10. The referee who hates your country
What game is he watching? Why does he keep calling penalties against the good hard-working boys on your country’s team while ignoring all the diving, cheap shots and blatant cheating from the other side? Who got to him? WHO?

To complicate matters, there’s a decent chance that the referee who hates your country might also be from your country.

Or at least he was, before this game ended and his passport was permanently revoked.

11. The player you didn’t realize was still playing
There’s a weird phenomenon that hockey fans run into from time to time where you find out a guy you assumed had retired five years ago is still active.

When you hear his name mentioned on a broadcast, you briefly wonder whether you’ve accidentally flipped over to the classic channel. Does he have a kid who’s already made the NHL? Wait, you’re telling me that’s the same guy?

We all do it. Call it the Alex Tanguay Effect.

And it’s never more apparent than during an international tournament, when players who’d left North America headed overseas suddenly show up again, and you’re left wondering where you know the name “Roman Cervenka” from.

12. The media guy who’s just a little too into pronouncing all of the names right
Preparation is key when it comes to international tournaments. Some of these names are tricky, and it’s always impressive when someone can avoid the mistake of mispronouncing a foreign name.

But this guy takes it too far.

We get it, Jean-Francois Champollion, you did your homework. But maybe tone it down just a little, because you’re making the rest of us feel inadequate.

13. The former NHL star who’s now running a national team
This one’s always a bit jarring because of how old it makes you feel. You weren’t even 100 per cent sure that guy had retired, but now he’s apparently in charge of an entire country’s national program.

For this year’s World Cup, former players like Martin Rucinsky, Jere Lehtinen and Miroslav Satan have been named general managers. And that’s before you even get into the seemingly endless list of assistants, scouts, and special advisors that clog up the tournament’s various management teams.

The World Cup is a two-week tournament, but the eight teams somehow employ more people than the North American manufacturing industry.

14. The player who accepts the World Cup Trophy, lifts it over his head, then skates over and tosses it into a flaming dumpster, never to be seen again.
Hey, we can hope, right?

15. The hot goalie on a bad team who terrifies you
At the start of the tournament, this guy may have also doubled as the player you’ve never heard of. But you’ve heard of him now, because every time you turn on your TV you’re bombarded with highlights of him standing on his head.

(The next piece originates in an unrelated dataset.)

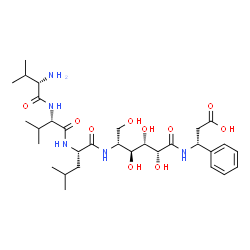ChemSpider 2D Image | (3R,6R,7S,8S,9R,12S,15S,18S)-18-Amino-6,7,8-trihydroxy-9-(hydroxymethyl)-12-isobutyl-15-isopropyl-19-methyl-5,11,14,17-tetraoxo-3-phenyl-4,10,13,16-tetraazaicosan-1-oic acid (non-preferred name) | C31H51N5O10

His team isn’t very good – heck, half of his defencemen seem to be holding their sticks upside down – but in hockey, a red-hot goalie can trump anything, and this guy is single-handedly keeping them alive.

Next thing you know, your country is facing this guy in a crucial game, it’s somehow still tied midway through the third even though you’ve pelted him with 50-plus shots and his glove disintegrated early in the second period, and you’re having a coronary at how unfair this sport can be.

We don’t know who this guy is going to be at the World Cup… yet. But he’s out there. He’s waiting. And he’s going to ruin everything.